Thu Aug 25 17:31:32 UTC 2022

On Wed, 24 Aug 2022 10:35:18 GMT, Jonathan Dowland <jdowland at openjdk.org> wrote:

>> We discovered some systems configured with cgroups v1 which report a bogus container memory limit value which is above the physical memory of the host. OpenJDK then calculates flags such as InitialHeapSize based on this invalid value; this can be larger than the available memory which can result in the OS terminating the process due to OOM.
>> 
>> hotspot's container awareness attempts to sanity check the limit value by ensuring it's below `_unlimited_memory = (LONG_MAX / os::vm_page_size()) * os::vm_page_size()`, but that still leaves a large range of potential invalid values between physical RAM and that ceiling value.
>> 
>> Cgroups V1 in particular returns an uninitialised value for the memory limit when one has not been explicitly set. Cgroups v2 does not suffer the same problem: however, it's possible for any value to be set for the max memory, including values exceeding the available physical memory, in either v1 or v2.
>> 
>> This fixes the problem in two places. Further work may be required in the area of Java metrics / MXBeans. I'd also look again at whether the existing ceiling value `_unlimited_memory` serves any useful purpose. I personally don't feel those improvements should hold up this fix.
>
> Jonathan Dowland has updated the pull request incrementally with one additional commit since the last revision:
> 
>   Address style nit

So, before we had:

os::physical_memory()  
        |-----------------------------------------
        |                                        |
        v                                        v
OSContainer::memory_limit_in_bytes()    os::Linux::physical_memory()
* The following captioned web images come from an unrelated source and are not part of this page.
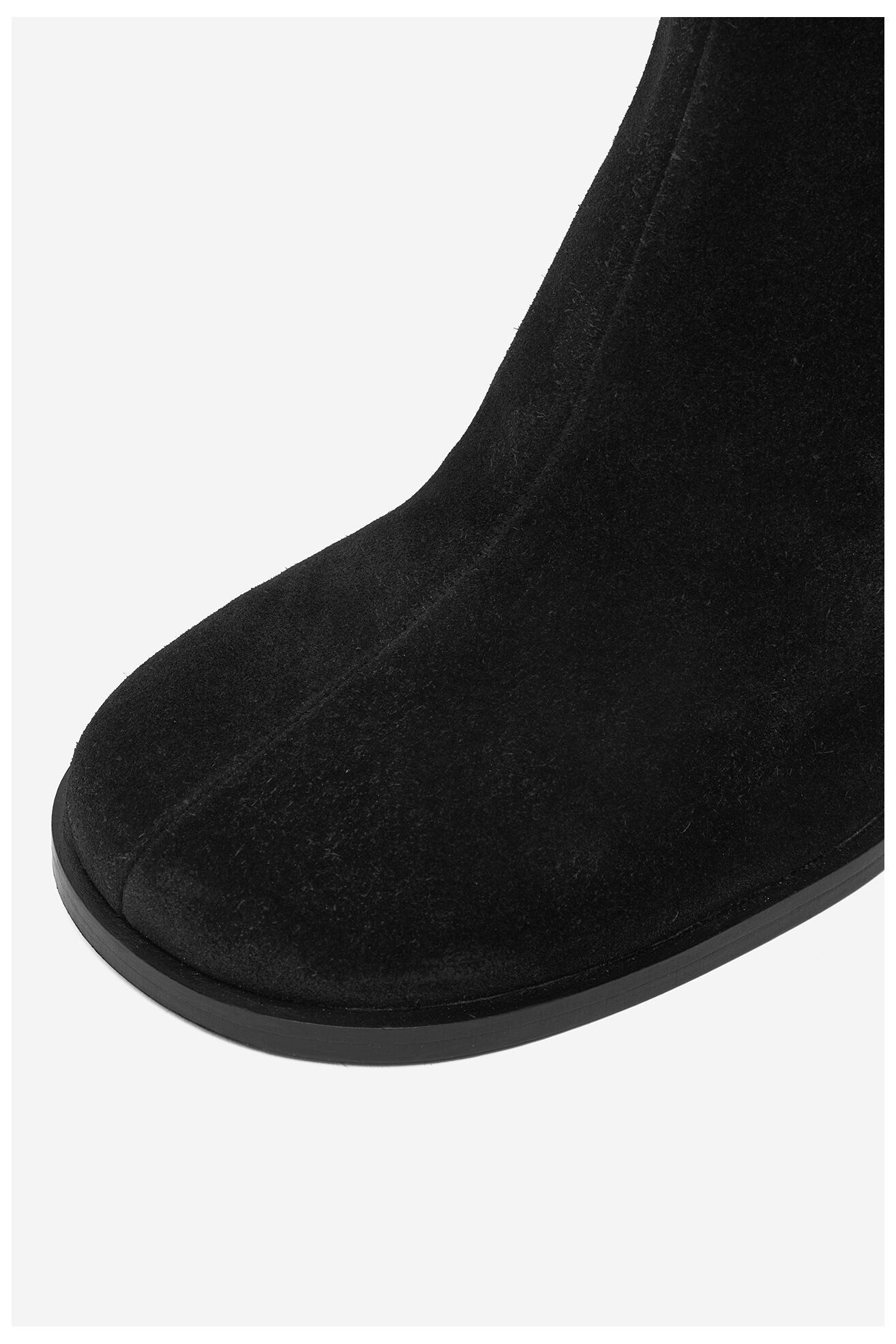 Ботильйони Gino Rossi EO-ZOYA-121046S ЧОРНИЙ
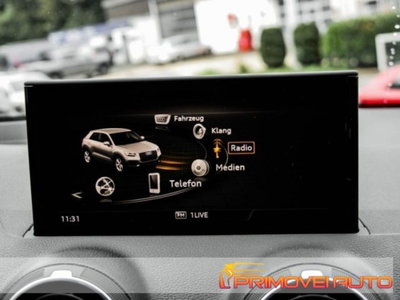 Audi Q2 Q2 35 TFSI S tronic Admired (8)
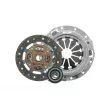 Kit d'embrayage AISIN [KM-075A]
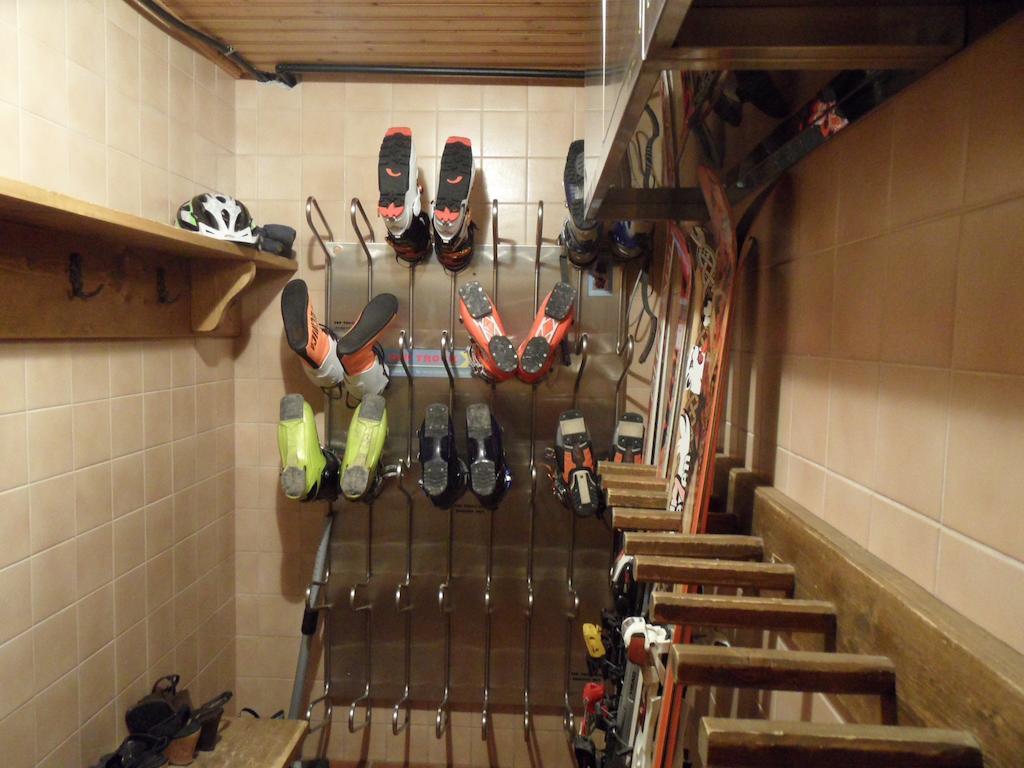 Landhaus Taxach Saalbach-Hinterglemm Esterno foto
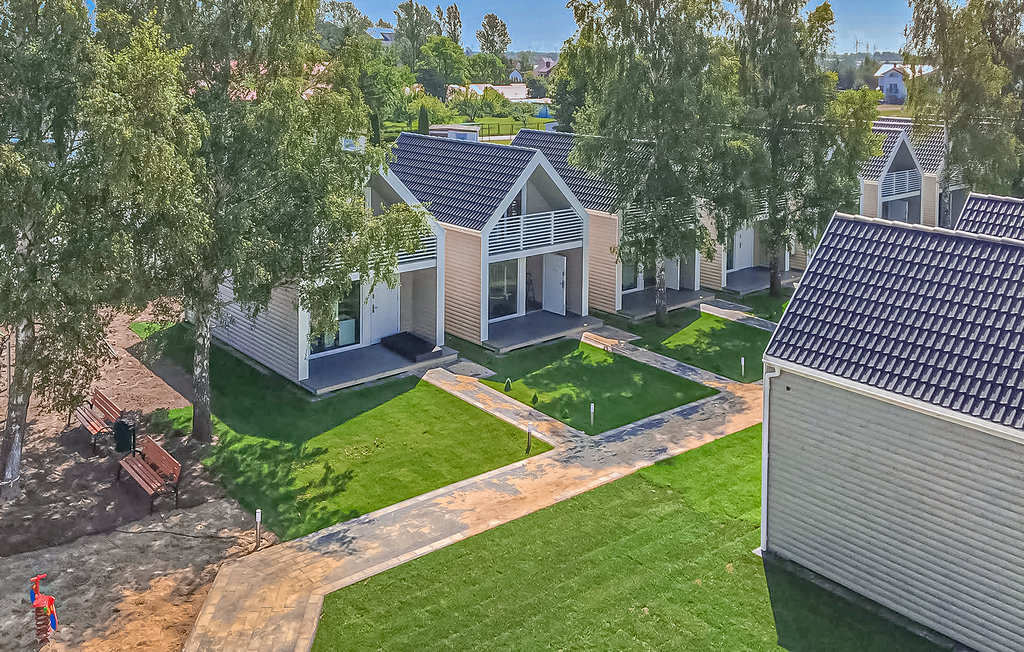 Feriehuse - Sianozety , Polen - PPO781 6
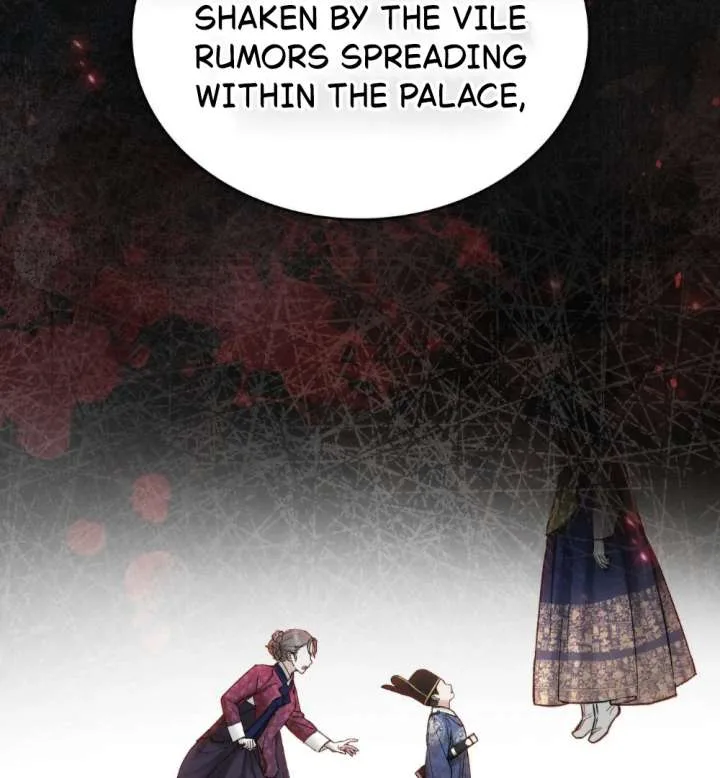 Wild Night Chapter 85 page 77
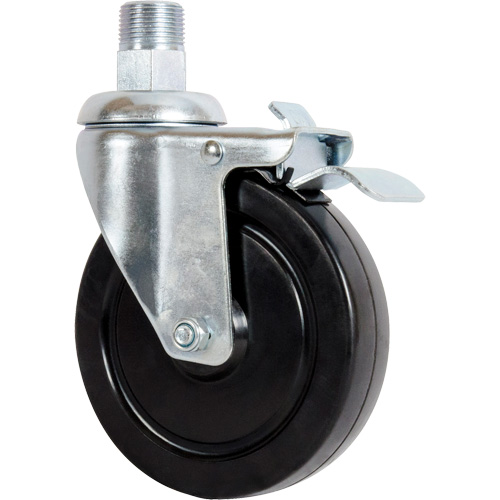 Mobile Work Scaffolding - Maxi Round Scaffolding Accessories Auto-Cam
Made sense if one thinks of the `os` layer as the arbiter that has to lie to the caller to abstract aways platform stuff, and the `Linux` layer as the real truth source.
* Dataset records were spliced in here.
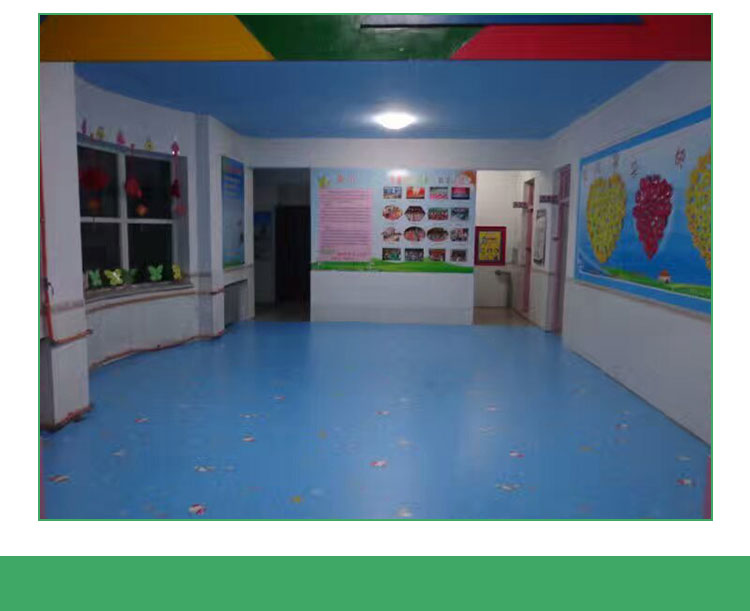 北京市幼儿园地板厂家幼儿园地板 幼儿园pvc地板 幼儿园塑胶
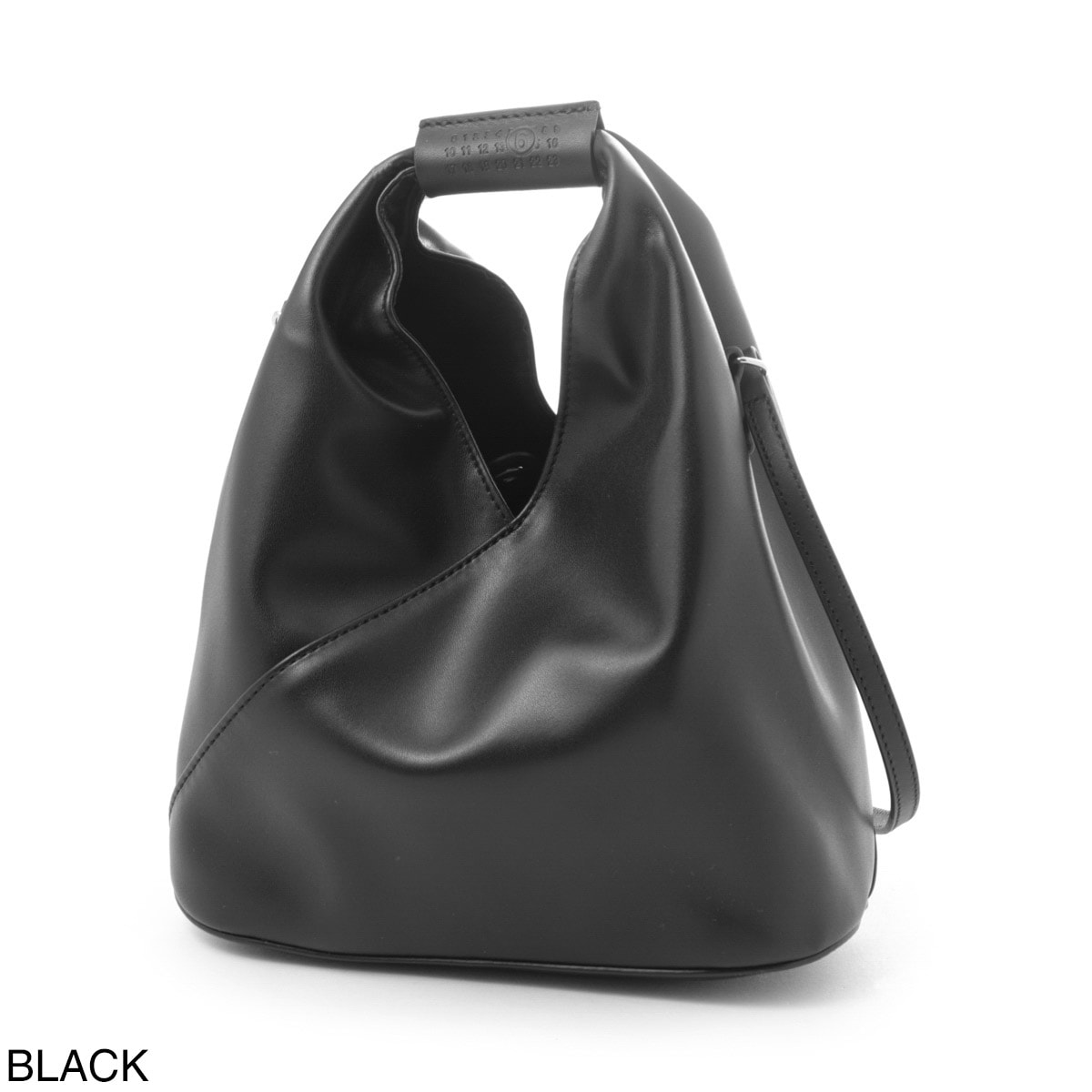 MM6 Maison Margiela エムエム 6 メゾンマルジェラ クロスボディバッグ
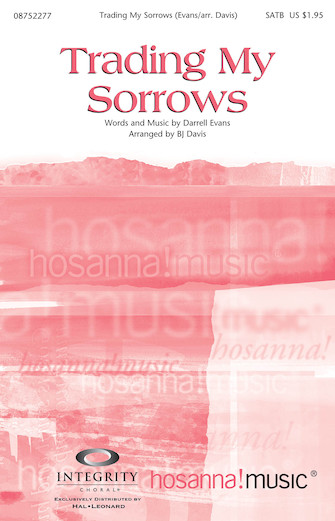 Trading My Sorrows – Rhythm Trading My Sorrows – Rhythm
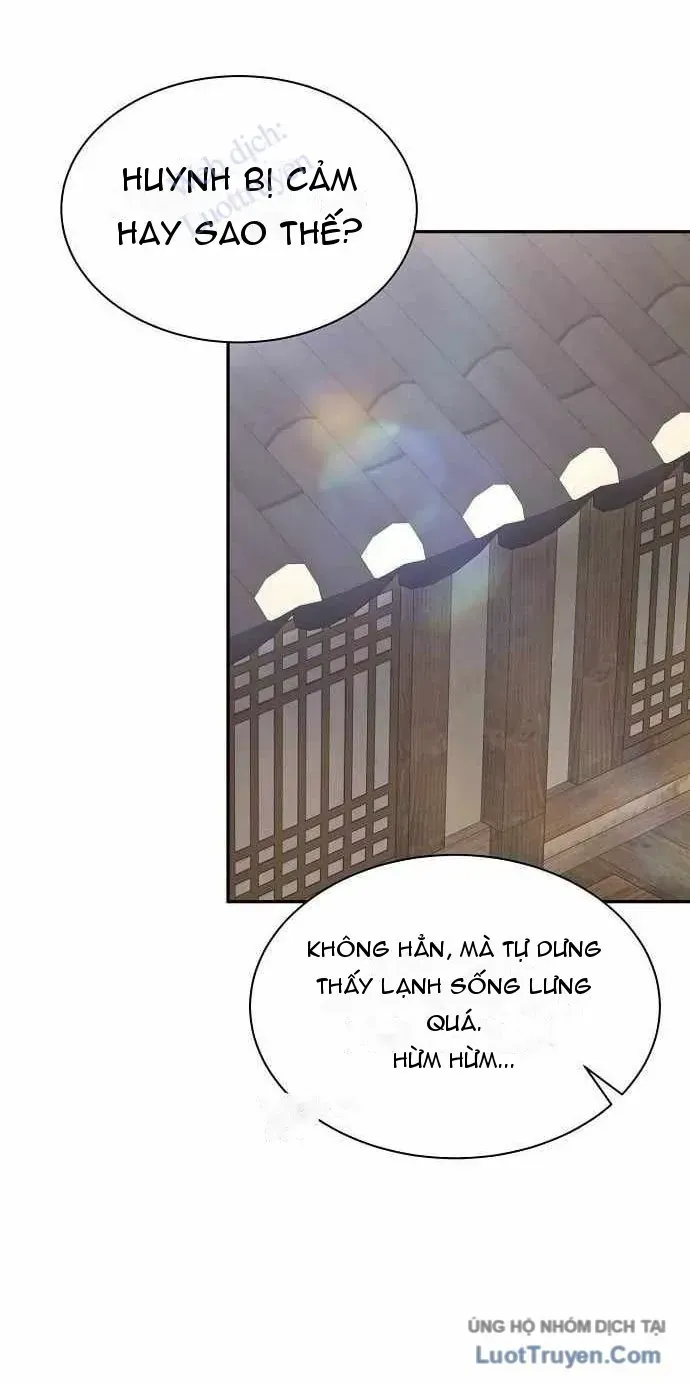 Bảng Trạng Thái Bí Mật Của Tham Quan Chap 3 - Next Chap 4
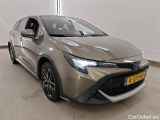  Toyota  Corolla Toyota  Touring Sports 1.8 Hybrid Trek 5d #22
Similar for available memory:

os::available_memory()
        |
        v
os::Linux::available_memory()
        |
        |-----------------------------------------
        |                                        |
        v                                        v
OSContainer::memory_limit_in_bytes()    or returns host available memory

Already a bit crooked, since here the splicing is done at the `::Linux` layer.

With this patch we have:

os::physical_memory()  
        |
        |-----------------------------------------
        |                                        |
        v                                        v
OSContainer::memory_limit_in_bytes()    os::Linux::physical_memory()
        |
        |-----------------------------------------
        |                                        |
        v                                        v
os::Linux::physical_memory()            or returns cgroup limit

and

os::available_memory()
        |
        v
os::Linux::available_memory()
        |
        |-----------------------------------------
        |                                        |
        v                                        v
OSContainer::memory_limit_in_bytes()    or returns host physical memory
        |
        |-----------------------------------------
        |                                        |
        v                                        v
os::Linux::physical_memory()            or returns cgroup limit

This is getting a bit hard to understand. The only one behaving as advertised is `os::Linux::physical_memory()`, everyone else is somehow splicing other information in. Of course a lot of this is preexisting and has nothing to do with this patch. But it deepens the confusion.

One thing I don't understand is, why does this calculation have to be done at every invocation to os::available_memory()/os::physical_memory()/OSContainer::memory_limit_in_bytes() etc? Yes, cgroup limits can change, but AFAIK there is nothing in the VM that can react to these changes anyway. Heap geometry etc. gets sorted out at VM start.

So why do we do not just do this:

  // We need to update the amount of physical memory now that
  // cgroup subsystem files have been processed.
-  if ((mem_limit = cgroup_subsystem->memory_limit_in_bytes()) > 0) {
+  size_t mem_limit = cgroup_subsystem->memory_limit_in_bytes();
+  if (mem_limit > 0 && mem_limit < os::Linux::physical_limit()) {
    os::Linux::set_physical_memory(mem_limit);
    log_info(os, container)("Memory Limit is: " JLONG_FORMAT, mem_limit);
  }

and be done with it?

-------------

PR: https://git.openjdk.org/jdk/pull/9880